Dissociative Identity Disorder (DID)
- Formerly known as multiple personality disorder.
- Name change reflects a better understanding: it’s about dissociation or splitting from the original identity, not multiple personalities.
- Example: Split (movie).
- Dissociation as a Defense Mechanism:
- A mental process where an individual disconnects from their thoughts, feelings, memories, or sense of identity.
- The brain's way of coping with trauma or stress.
- Everyone has experienced dissociation to some extent (e.g., driving and missing an exit, becoming deeply absorbed in a novel like Fifty Shades of Grey).
- Chronic Trauma and Alters:
- In individuals with chronic traumatic experiences (e.g., sexual abuse), dissociation becomes a frequent coping mechanism.
- The brain creates "alters," which are distinct personalities or personality states.
- Alters have their own age, gender, and situation.
- Alters emerge during traumatic situations to handle situations the original identity cannot.
- Example: Elizabeth (21-year-old female) with DID. In a situation where someone is yelling at her, an alter (Jabba, a 45-year-old muscular male) might emerge to protect her. In another situation (mother scolding), a different alter (Jessica, a 5-year-old) might appear.
- Triggers and Switches:
- Alters are triggered by specific stimuli or reminders of traumatic events.

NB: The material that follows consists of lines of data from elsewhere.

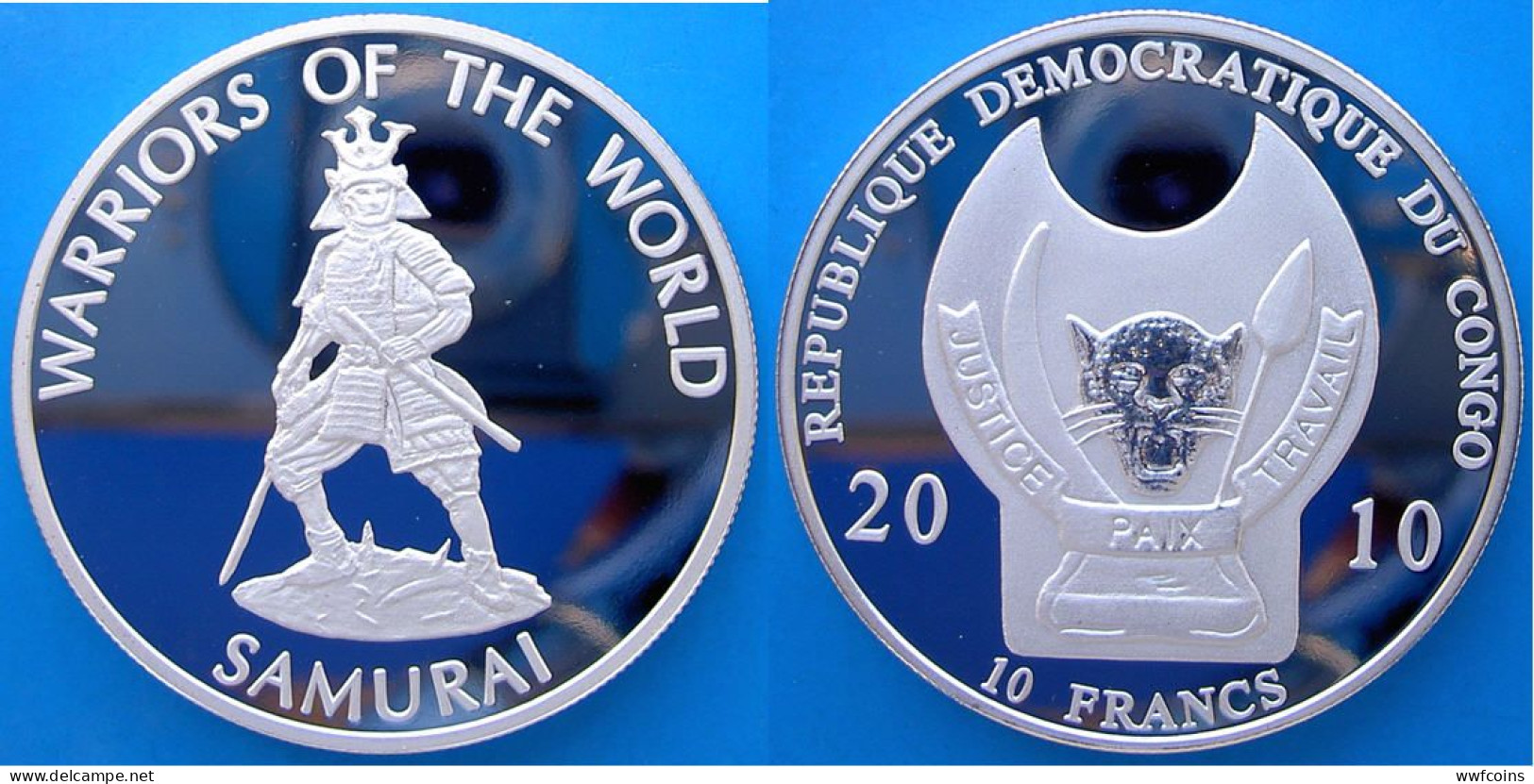 CONGO 12X10 F 2010 FROOF SILVER PLATED SERIE WARRIORS OF THE WORLD MINTAGE 1000 PCS WEIGHT 29,2gX12 UNC CONSERVAZINE FON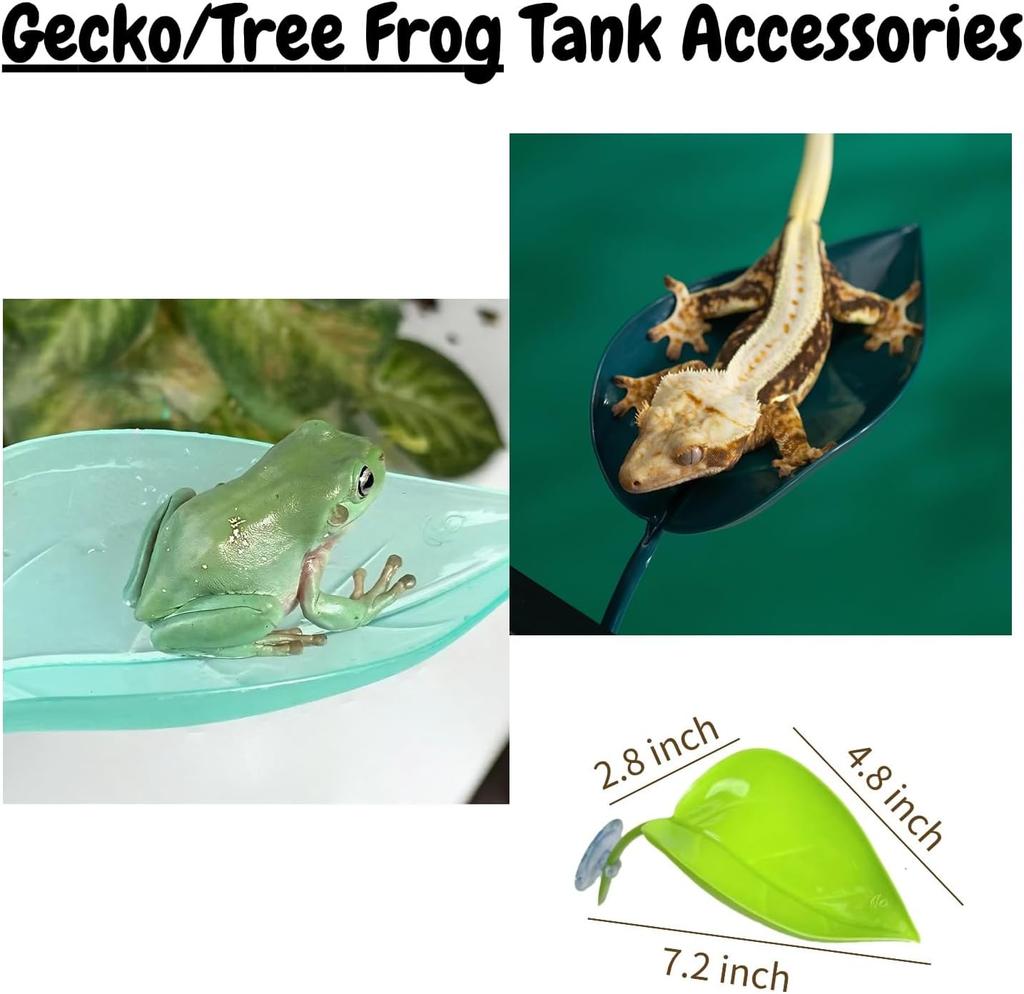 Animal Habitat Leaf Suction Cup Reptile Basking Area Resting Terrace Suction Cups Accessories Simulated Leaves for Geckos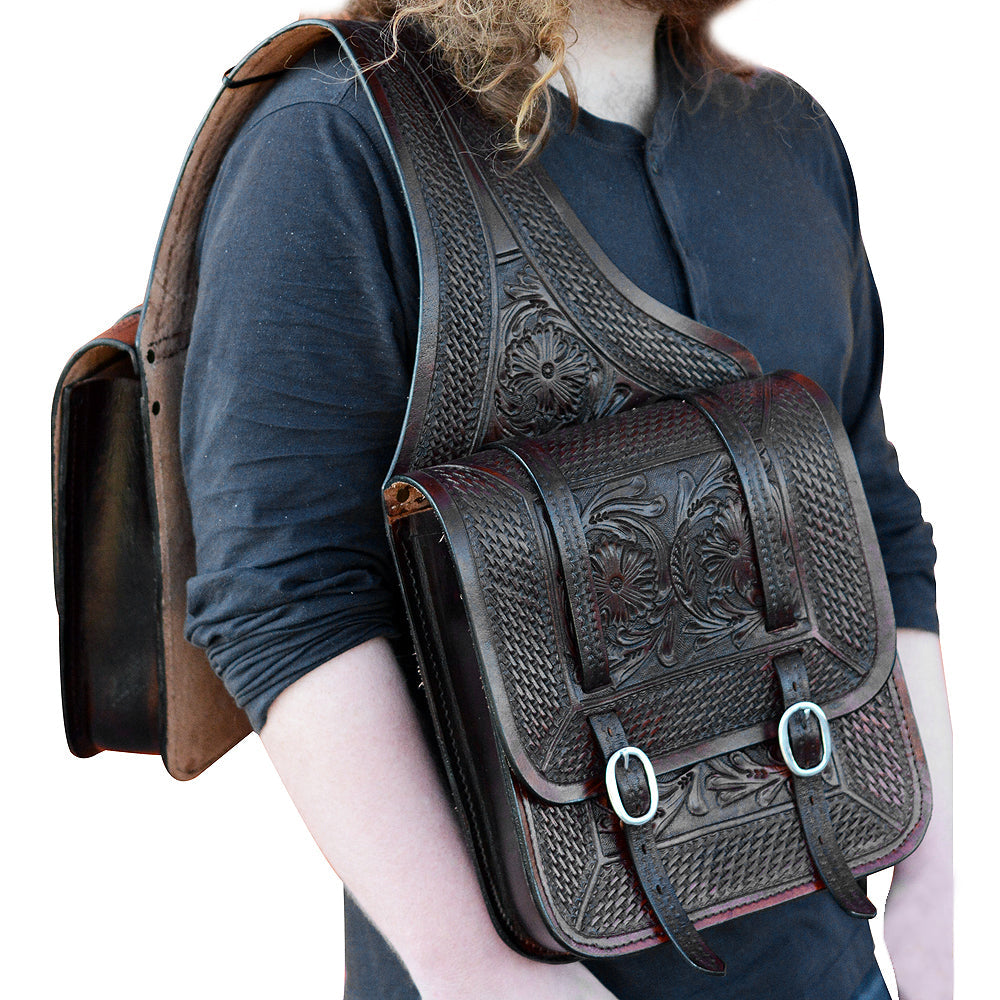 Hilason Western Leather Cowboy Trail Ride Horse Saddle Shoulder Bag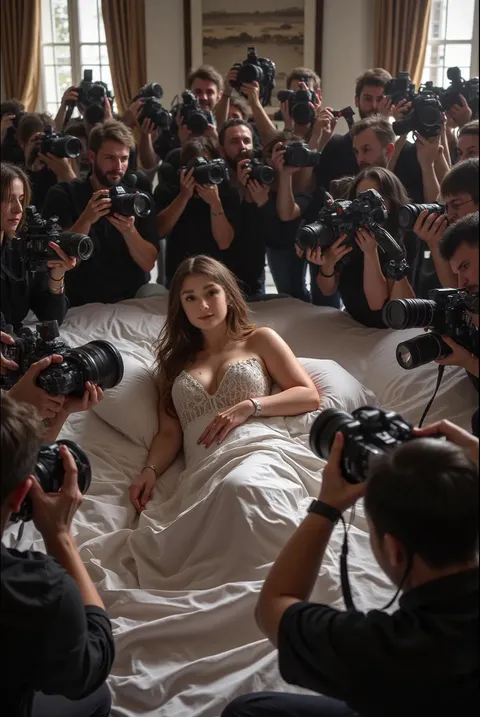 Bela mulher cercada pela câmera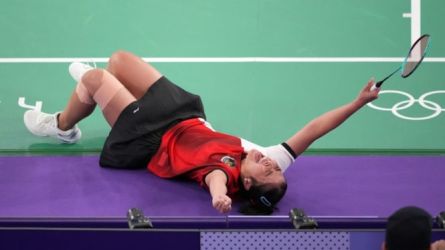 Selebrasi Gregoria tunggal putri andalan Indonesia di Olimpiade 2024. Foto : Ist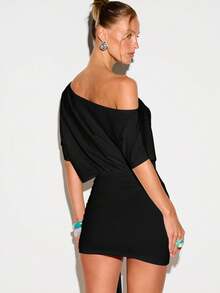 KIZN One Shoulder Mini Dress With Circular Cutout Detail, Draped T-Shirt Style, Asymmetric Hem, Party Night Out - Black - View 3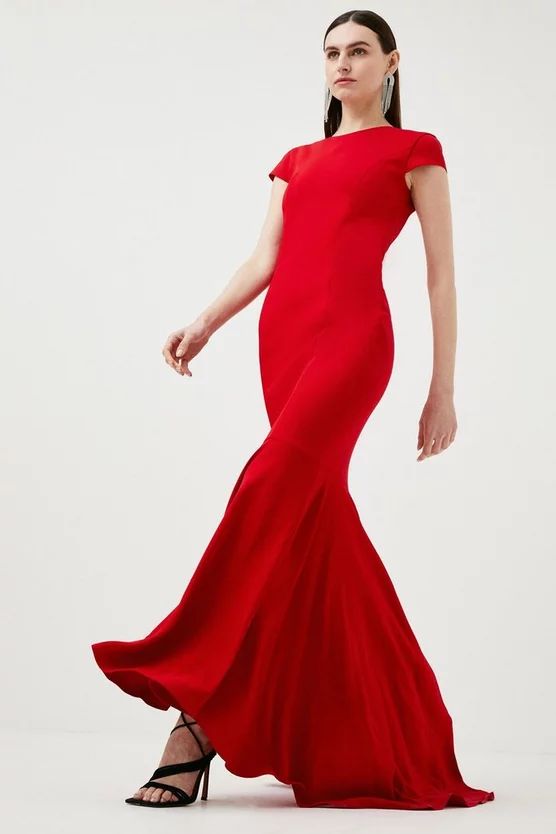 Compact Viscose Fishtail Maxi Dress | Karen Millen US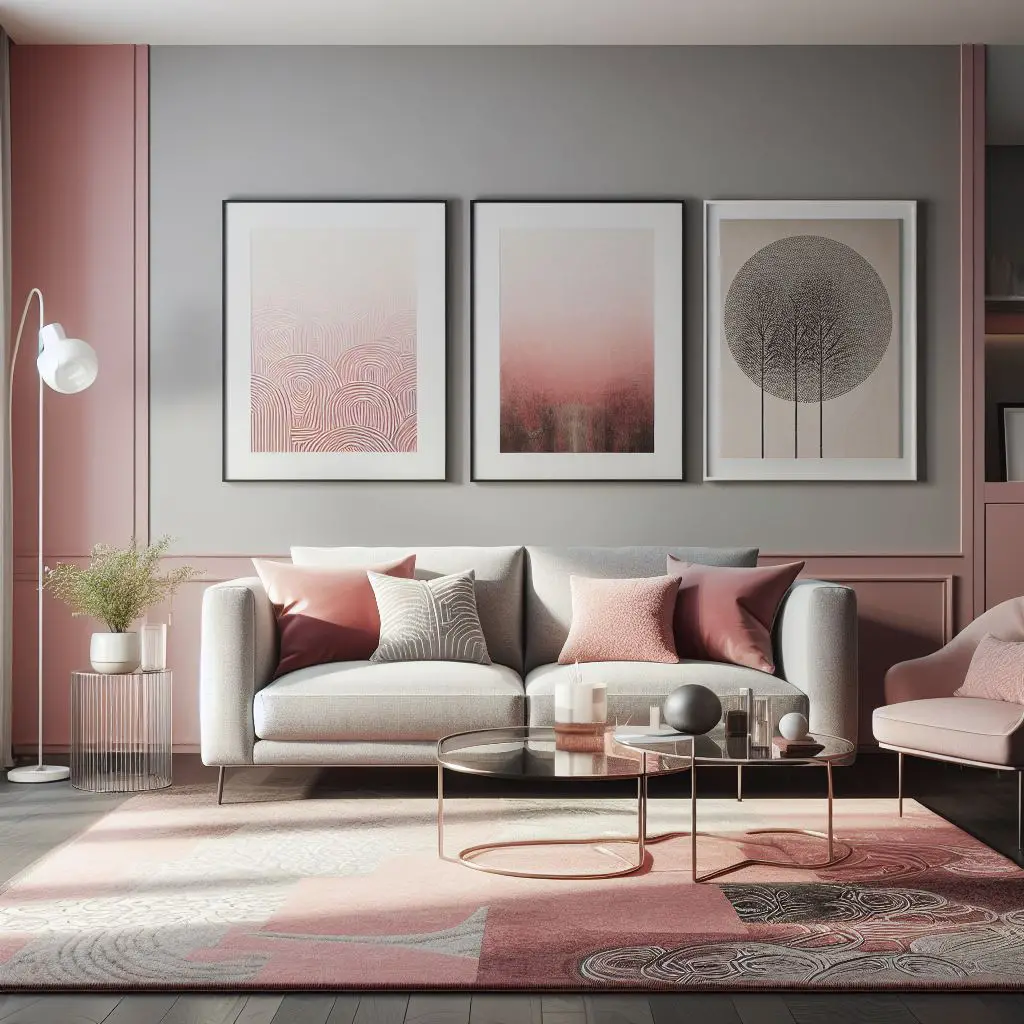 Gray and pink sofa 2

- Some switches between alters are rapid and noticeable, while others are gradual.
- Individuals may literally see themselves as a different alter in the mirror.
- Communication Between Alters:
- Alters may or may not be aware of each other.
- Some alters communicate with each other, while others do not.
- Memory lapses or amnesia can occur between switches.
- Therapy and Integration:
- Therapy aims to integrate all alters into one cohesive identity (e.g., bringing all alters back into Elizabeth).
- The therapist helps the individual recognize that Elizabeth is all of those alters.
- Integration is a lengthy process that can take years due to the psychological trauma involved.
- Complete integration may not always be possible due to the severity of the trauma.